> _Exercise aim_: Among the lines of the material, copy those that hold the string "Hello".

> _Data for this exercise_:
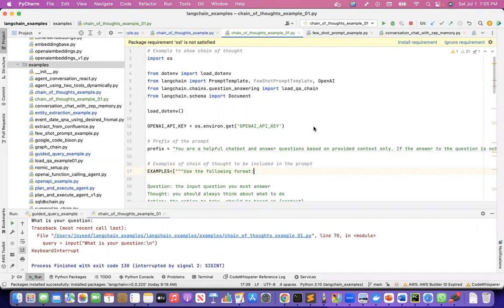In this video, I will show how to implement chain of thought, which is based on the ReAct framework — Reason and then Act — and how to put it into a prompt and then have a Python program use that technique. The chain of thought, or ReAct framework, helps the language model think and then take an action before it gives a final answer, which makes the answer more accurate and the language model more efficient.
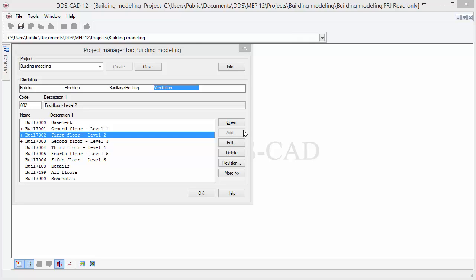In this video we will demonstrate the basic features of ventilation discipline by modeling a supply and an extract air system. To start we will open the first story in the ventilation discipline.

==

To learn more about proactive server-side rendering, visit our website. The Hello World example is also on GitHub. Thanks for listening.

---

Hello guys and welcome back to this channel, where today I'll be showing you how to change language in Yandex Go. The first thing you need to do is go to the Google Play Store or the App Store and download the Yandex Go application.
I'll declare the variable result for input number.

> _Exercise output_:
To learn more about proactive server-side rendering, visit our website. The Hello World example is also on GitHub. Thanks for listening.
Hello guys and welcome back to this channel, where today I'll be showing you how to change language in Yandex Go. The first thing you need to do is go to the Google Play Store or the App Store and download the Yandex Go application.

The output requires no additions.